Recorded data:
◆ ◆ ◆ ◆ ◆

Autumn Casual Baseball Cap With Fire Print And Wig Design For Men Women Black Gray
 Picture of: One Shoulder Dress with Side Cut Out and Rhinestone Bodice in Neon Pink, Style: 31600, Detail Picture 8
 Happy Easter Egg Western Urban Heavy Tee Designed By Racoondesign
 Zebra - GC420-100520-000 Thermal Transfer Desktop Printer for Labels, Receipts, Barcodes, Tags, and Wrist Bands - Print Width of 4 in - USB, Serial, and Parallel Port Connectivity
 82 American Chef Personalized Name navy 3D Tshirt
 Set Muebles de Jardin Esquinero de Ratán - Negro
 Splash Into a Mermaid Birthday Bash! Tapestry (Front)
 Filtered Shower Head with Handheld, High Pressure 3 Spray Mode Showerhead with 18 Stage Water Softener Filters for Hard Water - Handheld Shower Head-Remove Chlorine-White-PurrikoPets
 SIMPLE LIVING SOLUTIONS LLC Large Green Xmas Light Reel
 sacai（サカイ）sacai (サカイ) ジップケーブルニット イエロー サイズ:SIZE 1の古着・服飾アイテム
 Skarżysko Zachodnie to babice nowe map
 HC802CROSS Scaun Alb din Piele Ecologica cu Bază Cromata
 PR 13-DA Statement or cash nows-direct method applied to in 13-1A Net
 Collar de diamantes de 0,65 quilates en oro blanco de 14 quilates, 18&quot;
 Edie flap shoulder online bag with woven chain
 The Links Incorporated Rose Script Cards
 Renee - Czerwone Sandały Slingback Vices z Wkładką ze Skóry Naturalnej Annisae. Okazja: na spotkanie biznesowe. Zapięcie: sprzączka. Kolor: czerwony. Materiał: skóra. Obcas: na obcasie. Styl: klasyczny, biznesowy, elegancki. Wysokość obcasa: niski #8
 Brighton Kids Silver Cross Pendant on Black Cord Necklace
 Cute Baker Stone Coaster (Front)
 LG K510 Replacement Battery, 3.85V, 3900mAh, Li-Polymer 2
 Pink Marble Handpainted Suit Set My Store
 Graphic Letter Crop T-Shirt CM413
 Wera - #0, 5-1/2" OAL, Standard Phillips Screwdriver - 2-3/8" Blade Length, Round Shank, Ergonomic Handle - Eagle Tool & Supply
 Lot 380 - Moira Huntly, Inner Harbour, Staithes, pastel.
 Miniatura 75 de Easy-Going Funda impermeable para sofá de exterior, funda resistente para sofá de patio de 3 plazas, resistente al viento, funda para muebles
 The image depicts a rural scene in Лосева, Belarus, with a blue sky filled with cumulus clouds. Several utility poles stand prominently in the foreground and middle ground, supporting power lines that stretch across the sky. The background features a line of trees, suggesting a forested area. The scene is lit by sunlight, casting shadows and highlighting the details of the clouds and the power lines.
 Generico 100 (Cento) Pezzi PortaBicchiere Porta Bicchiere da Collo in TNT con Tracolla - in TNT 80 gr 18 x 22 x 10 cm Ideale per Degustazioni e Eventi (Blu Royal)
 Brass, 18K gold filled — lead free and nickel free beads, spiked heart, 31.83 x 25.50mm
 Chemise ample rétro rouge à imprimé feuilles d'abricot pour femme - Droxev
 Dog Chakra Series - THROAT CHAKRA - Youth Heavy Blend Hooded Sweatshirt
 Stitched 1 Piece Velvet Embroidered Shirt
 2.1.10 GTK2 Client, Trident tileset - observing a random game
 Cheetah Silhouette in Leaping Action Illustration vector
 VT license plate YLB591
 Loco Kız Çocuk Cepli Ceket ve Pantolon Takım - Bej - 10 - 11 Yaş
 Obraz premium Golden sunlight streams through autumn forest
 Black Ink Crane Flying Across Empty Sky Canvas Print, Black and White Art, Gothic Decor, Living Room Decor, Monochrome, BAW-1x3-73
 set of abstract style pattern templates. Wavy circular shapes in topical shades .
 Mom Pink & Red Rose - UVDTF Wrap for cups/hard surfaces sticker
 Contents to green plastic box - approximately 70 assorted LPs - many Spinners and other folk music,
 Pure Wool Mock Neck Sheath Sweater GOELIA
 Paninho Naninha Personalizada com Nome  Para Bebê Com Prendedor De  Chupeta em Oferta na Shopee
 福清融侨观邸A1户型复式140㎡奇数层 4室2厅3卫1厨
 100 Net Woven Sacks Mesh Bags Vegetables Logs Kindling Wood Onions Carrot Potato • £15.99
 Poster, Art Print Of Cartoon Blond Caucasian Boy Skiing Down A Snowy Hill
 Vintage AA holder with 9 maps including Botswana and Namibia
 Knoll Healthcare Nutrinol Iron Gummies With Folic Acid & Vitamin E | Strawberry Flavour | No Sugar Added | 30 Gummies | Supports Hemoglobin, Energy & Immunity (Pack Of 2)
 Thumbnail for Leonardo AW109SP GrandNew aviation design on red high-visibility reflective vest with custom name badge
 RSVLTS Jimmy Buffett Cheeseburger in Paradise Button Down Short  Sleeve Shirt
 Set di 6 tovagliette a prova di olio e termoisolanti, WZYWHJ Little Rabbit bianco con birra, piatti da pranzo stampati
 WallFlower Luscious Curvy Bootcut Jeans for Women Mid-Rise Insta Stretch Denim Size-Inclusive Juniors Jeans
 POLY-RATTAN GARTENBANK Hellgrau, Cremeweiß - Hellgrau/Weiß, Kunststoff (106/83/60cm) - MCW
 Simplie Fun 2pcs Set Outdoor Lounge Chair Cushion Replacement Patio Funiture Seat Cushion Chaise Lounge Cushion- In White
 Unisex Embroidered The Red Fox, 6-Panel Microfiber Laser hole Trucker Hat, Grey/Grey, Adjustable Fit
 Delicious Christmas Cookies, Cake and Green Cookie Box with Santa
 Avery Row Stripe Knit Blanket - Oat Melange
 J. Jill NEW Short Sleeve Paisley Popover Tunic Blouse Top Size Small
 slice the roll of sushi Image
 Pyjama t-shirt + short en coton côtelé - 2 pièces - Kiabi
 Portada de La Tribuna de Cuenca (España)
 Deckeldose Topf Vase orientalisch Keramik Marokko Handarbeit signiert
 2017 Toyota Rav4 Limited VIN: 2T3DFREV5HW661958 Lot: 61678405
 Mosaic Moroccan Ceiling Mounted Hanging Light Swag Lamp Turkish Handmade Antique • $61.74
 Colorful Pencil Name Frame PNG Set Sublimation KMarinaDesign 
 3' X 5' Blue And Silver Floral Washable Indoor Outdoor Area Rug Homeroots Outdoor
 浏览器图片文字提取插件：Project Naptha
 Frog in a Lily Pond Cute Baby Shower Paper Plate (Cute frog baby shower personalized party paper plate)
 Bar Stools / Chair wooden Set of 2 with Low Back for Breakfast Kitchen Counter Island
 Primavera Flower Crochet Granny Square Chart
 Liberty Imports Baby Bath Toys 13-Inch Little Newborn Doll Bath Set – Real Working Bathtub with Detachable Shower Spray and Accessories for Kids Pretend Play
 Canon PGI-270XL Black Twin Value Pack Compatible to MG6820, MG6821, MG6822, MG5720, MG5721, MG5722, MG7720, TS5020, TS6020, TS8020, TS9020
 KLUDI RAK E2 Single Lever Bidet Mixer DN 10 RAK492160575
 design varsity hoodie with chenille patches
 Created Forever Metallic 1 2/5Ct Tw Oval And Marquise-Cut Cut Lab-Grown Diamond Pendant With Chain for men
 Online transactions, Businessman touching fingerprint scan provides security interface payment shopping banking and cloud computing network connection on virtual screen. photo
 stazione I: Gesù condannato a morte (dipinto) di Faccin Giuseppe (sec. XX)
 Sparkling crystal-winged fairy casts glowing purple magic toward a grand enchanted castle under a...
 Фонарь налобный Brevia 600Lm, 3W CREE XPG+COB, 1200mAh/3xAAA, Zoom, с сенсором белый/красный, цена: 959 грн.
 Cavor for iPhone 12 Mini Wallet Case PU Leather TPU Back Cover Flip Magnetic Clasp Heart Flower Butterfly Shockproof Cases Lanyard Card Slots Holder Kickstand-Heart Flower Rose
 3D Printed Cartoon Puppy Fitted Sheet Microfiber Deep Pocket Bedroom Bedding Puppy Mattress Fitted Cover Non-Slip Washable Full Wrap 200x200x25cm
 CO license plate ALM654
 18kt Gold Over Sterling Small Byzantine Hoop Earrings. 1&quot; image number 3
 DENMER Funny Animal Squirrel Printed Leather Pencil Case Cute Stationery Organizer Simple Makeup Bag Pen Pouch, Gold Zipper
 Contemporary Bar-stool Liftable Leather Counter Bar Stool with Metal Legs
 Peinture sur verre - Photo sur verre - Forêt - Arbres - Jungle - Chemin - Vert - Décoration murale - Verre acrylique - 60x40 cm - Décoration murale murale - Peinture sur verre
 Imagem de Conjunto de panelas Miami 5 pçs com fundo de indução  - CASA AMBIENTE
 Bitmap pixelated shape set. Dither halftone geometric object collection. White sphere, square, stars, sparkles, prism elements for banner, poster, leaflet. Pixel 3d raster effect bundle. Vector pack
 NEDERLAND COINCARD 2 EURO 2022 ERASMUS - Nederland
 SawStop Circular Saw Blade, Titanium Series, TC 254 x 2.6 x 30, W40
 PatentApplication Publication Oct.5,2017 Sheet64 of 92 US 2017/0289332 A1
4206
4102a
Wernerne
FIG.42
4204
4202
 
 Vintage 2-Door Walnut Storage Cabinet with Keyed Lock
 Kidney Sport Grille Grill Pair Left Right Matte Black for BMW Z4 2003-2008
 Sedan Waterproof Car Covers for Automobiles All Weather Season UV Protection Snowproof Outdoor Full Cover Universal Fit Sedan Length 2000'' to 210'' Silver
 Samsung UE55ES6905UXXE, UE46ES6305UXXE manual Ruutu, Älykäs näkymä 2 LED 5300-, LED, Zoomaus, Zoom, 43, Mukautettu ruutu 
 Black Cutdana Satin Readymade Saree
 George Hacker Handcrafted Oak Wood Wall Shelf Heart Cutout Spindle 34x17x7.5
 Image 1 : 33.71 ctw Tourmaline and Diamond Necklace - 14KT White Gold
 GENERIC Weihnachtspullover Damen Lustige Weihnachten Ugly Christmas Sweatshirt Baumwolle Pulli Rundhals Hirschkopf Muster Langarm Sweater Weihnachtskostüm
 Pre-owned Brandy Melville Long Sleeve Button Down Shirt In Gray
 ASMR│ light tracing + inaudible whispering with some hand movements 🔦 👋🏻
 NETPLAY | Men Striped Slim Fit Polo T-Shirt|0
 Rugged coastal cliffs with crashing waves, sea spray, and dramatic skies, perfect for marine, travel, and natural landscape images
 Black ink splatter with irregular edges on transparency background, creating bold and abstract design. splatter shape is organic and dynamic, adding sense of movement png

◆ ◆ ◆ ◆ ◆

### What you need to do
Return, word for word, every line from the top of the entries down to the line that holds "Filtered Shower Head", both included.

### Completed task
Autumn Casual Baseball Cap With Fire Print And Wig Design For Men Women Black Gray
 Picture of: One Shoulder Dress with Side Cut Out and Rhinestone Bodice in Neon Pink, Style: 31600, Detail Picture 8
 Happy Easter Egg Western Urban Heavy Tee Designed By Racoondesign
 Zebra - GC420-100520-000 Thermal Transfer Desktop Printer for Labels, Receipts, Barcodes, Tags, and Wrist Bands - Print Width of 4 in - USB, Serial, and Parallel Port Connectivity
 82 American Chef Personalized Name navy 3D Tshirt
 Set Muebles de Jardin Esquinero de Ratán - Negro
 Splash Into a Mermaid Birthday Bash! Tapestry (Front)
 Filtered Shower Head with Handheld, High Pressure 3 Spray Mode Showerhead with 18 Stage Water Softener Filters for Hard Water - Handheld Shower Head-Remove Chlorine-White-PurrikoPets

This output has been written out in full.